══ Raw data

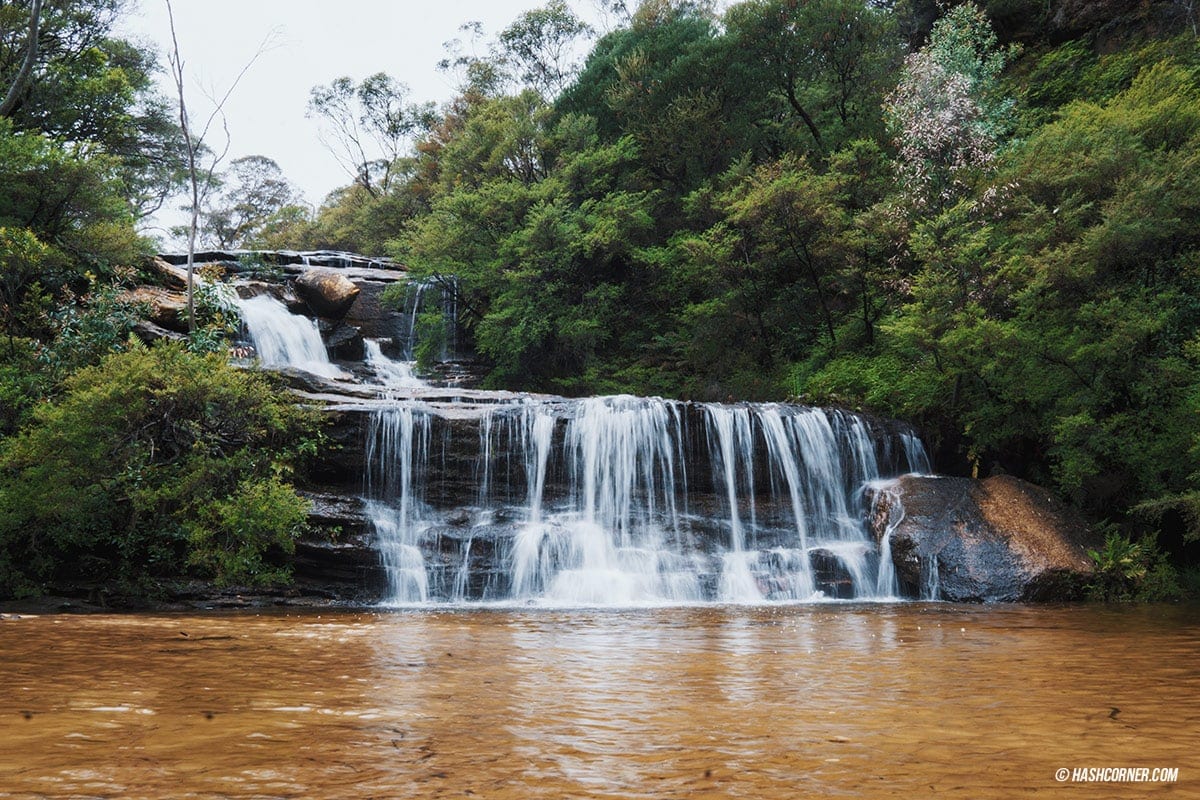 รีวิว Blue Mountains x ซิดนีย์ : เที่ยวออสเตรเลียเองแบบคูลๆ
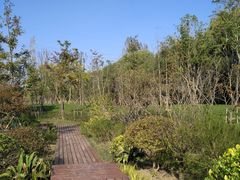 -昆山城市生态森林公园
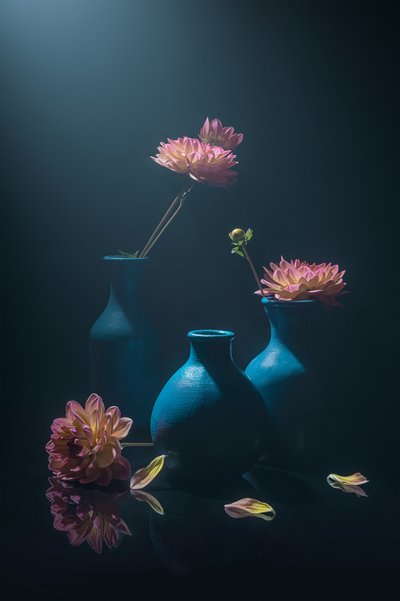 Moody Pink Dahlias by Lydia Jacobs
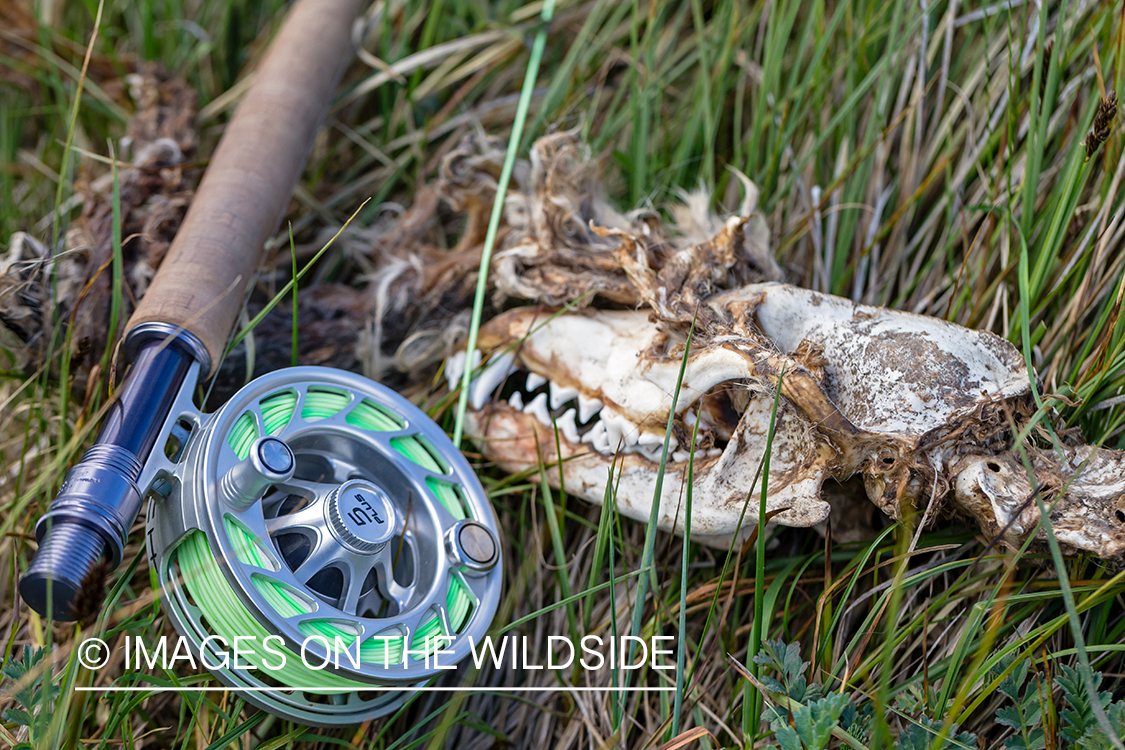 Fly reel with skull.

════

- **What the exercise asks**: Starting from the line that has "-昆山城市生态森林公园" and ending at the last line of the material above, every line should be output exactly; pictures are dropped and nothing else appears.

- **Problem solution**:
 -昆山城市生态森林公园
 Moody Pink Dahlias by Lydia Jacobs
 Fly reel with skull.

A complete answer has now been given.